AIM OF THE TASK:
The output must contain exactly the lines from the top of the listing below through the line containing "Collection only asap please", and no pictures.

EXTRACTED INFORMATION:
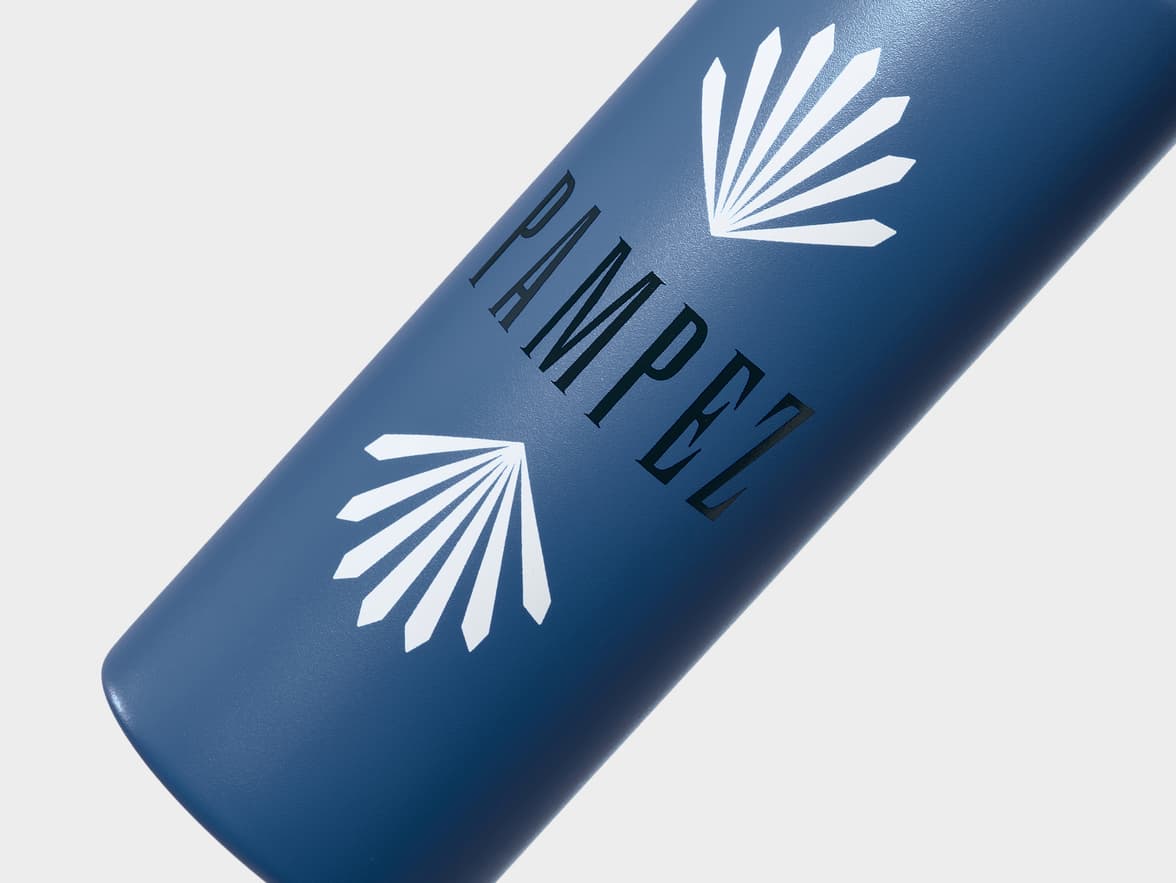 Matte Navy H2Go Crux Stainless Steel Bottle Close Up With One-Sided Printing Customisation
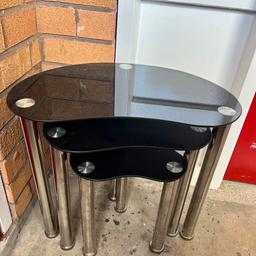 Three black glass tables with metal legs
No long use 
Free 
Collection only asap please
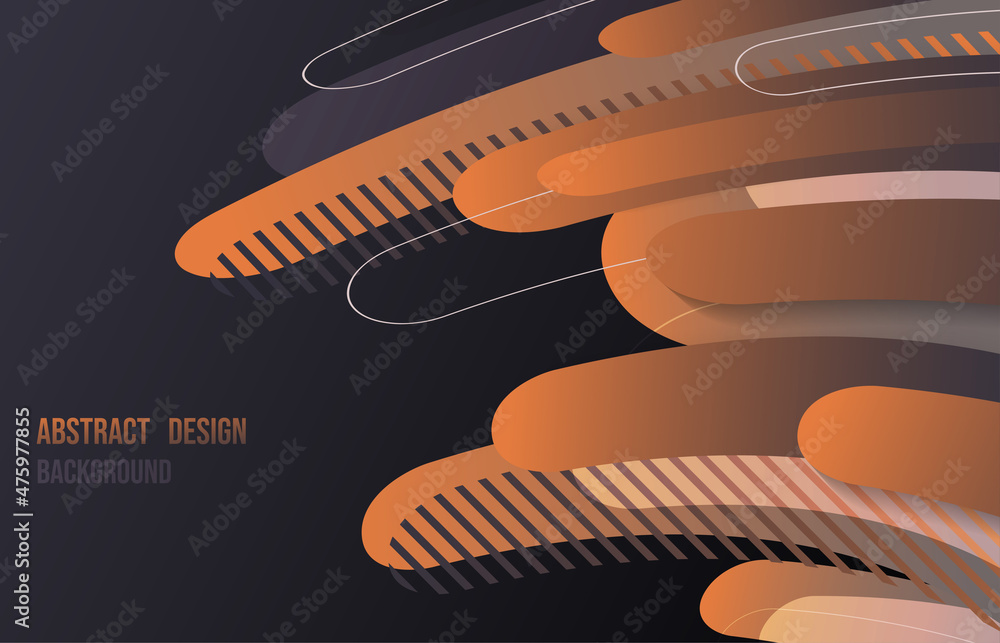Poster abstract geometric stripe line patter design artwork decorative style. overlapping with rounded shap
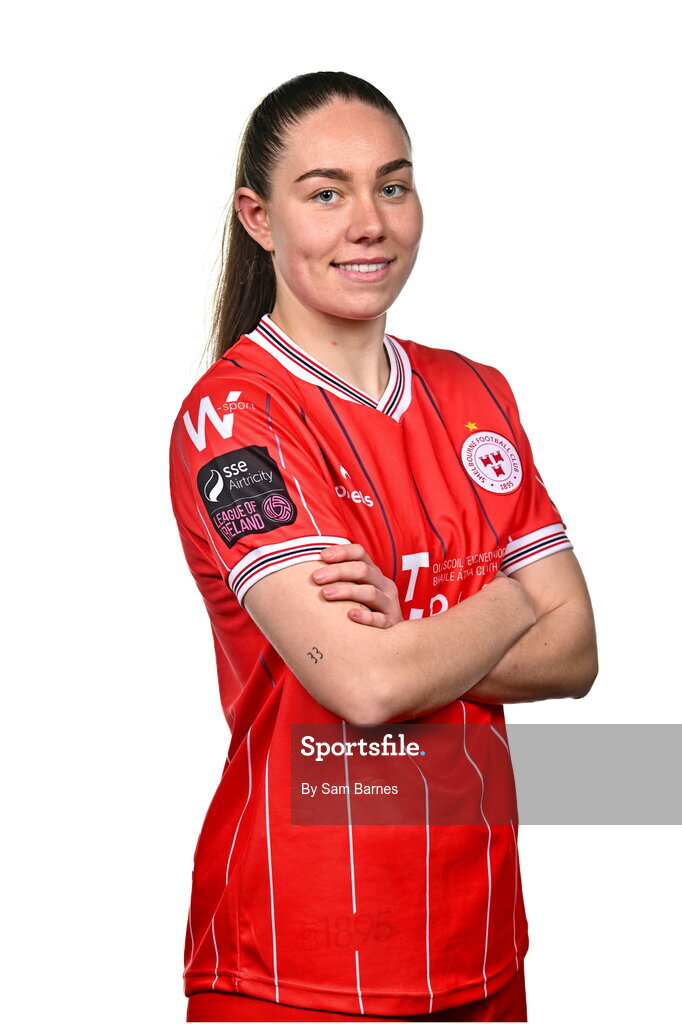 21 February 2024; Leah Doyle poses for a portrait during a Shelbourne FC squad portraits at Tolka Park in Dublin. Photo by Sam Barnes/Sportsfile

RESULT OF THE EXERCISE:
 Matte Navy H2Go Crux Stainless Steel Bottle Close Up With One-Sided Printing Customisation
 Three black glass tables with metal legs
No long use 
Free 
Collection only asap please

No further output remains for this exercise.